After switching to the local mode, I could see queries running, but I can't locate the logs for those jobs. Checked in the log folder but can't find any folder (I was looking for a syslog put inside a folder specific to a particular job), or a log starting with job id. How can I get those logs?
These are all the properties I have in mapred-site.xml
<property> <name>mapreduce.framework.name</name> <value>local</value> </property> <property> <name>mapred.child.java.opts</name> <value>-Xmx512m</value> </property> <property> <name>mapred.job.tracker</name> <value>local</value> </property>
Created 09-01-2016 09:02 PM
The Apache Hive Wiki https://cwiki.apache.org/confluence/display/Hive/GettingStarted has details on logging, including local mode and version differences.
I have pasted the key info below but see link above for more.
Hive uses log4j for logging. By default logs are not emitted to the console by the CLI. The default logging level is WARN
for Hive releases prior to 0.13.0. Starting with Hive 0.13.0, the default logging level is INFO
.
The logs are stored in the directory /tmp/<user.name>
:
/tmp/<user.name>/hive.log
Note: In local mode, prior to Hive 0.13.0 the log file name was ".log
" instead of "hive.log
". This bug was fixed in release 0.13.0 (see HIVE-5528 and HIVE-5676).To configure a different log location, set hive.log.dir
in $HIVE_HOME/conf/hive-log4j.properties. Make sure the directory has the sticky bit set (chmod 1777 <dir>
).
hive.log.dir=<other_location>
If the user wishes, the logs can be emitted to the console by adding the arguments shown below:
bin/hive --hiveconf hive.root.logger=INFO,console //for HiveCLI (deprecated)
bin/hiveserver2 --hiveconf hive.root.logger=INFO,console
Alternatively, the user can change the logging level only by using:
bin/hive --hiveconf hive.root.logger=INFO,DRFA //for HiveCLI (deprecated)
bin/hiveserver2 --hiveconf hive.root.logger=INFO,DRFA
Another option for logging is TimeBasedRollingPolicy (applicable for Hive 0.15.0 and above, HIVE-9001) by providing DAILY option as shown below:
bin/hive --hiveconf hive.root.logger=INFO,DAILY //for HiveCLI (deprecated)
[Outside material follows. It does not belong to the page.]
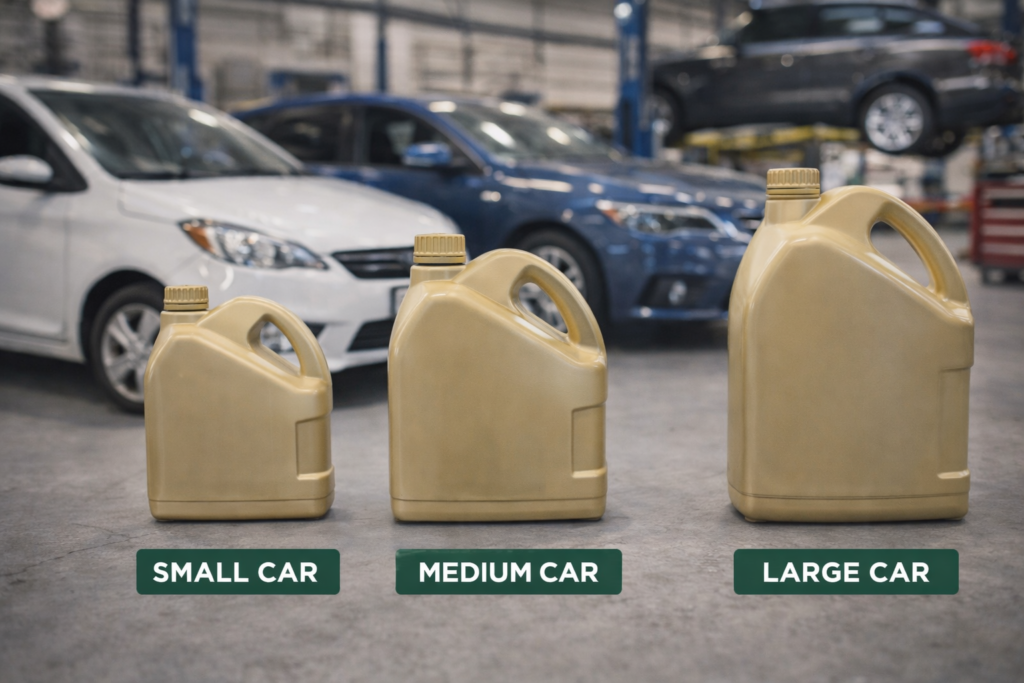 Oil containers for different car sizes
bin/hiveserver2 --hiveconf hive.root.logger=INFO,DAILY
Note that setting hive.root.logger
via the 'set' command does not change logging properties since they are determined at initialization time.
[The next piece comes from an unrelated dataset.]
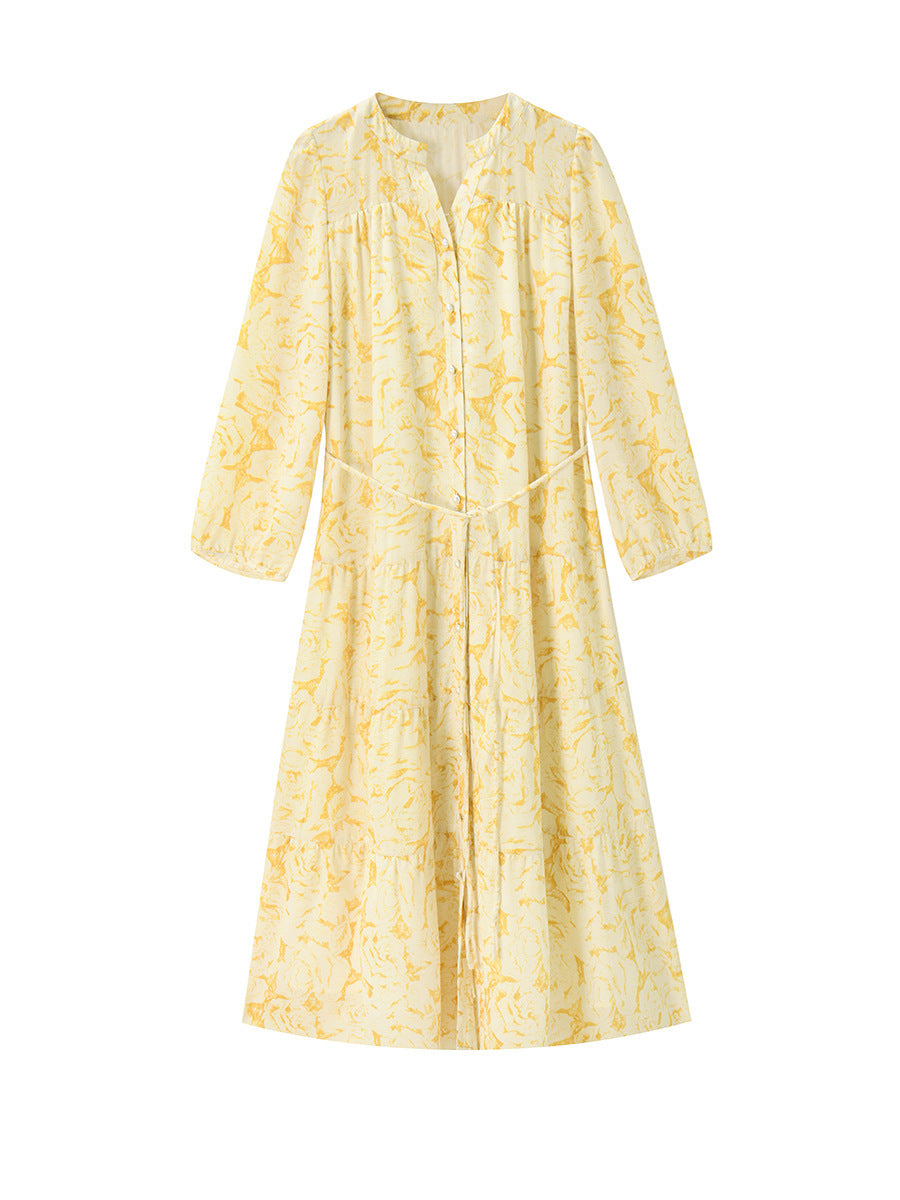 rachel floral puff sleeve midi dress - yellow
Hive also stores query logs on a per Hive session basis in /tmp/<user.name>/
, but can be configured in hive-site.xml with the hive.querylog.location
property.
Logging during Hive execution on a Hadoop cluster is controlled by Hadoop configuration. Usually Hadoop will produce one log file per map and reduce task stored on the cluster machine(s) where the task was executed. The log files can be obtained by clicking through to the Task Details page from the Hadoop JobTracker Web UI.
When using local mode (using mapreduce.framework.name=local
), Hadoop/Hive execution logs are produced on the client machine itself. Starting with release 0.6 – Hive uses the hive-exec-log4j.properties
(falling back to hive-log4j.properties
only if it's missing) to determine where these logs are delivered by default. The default configuration file produces one log file per query executed in local mode and stores it under /tmp/<user.name>
. The intent of providing a separate configuration file is to enable administrators to centralize execution log capture if desired (on a NFS file server for example). Execution logs are invaluable for debugging run-time errors.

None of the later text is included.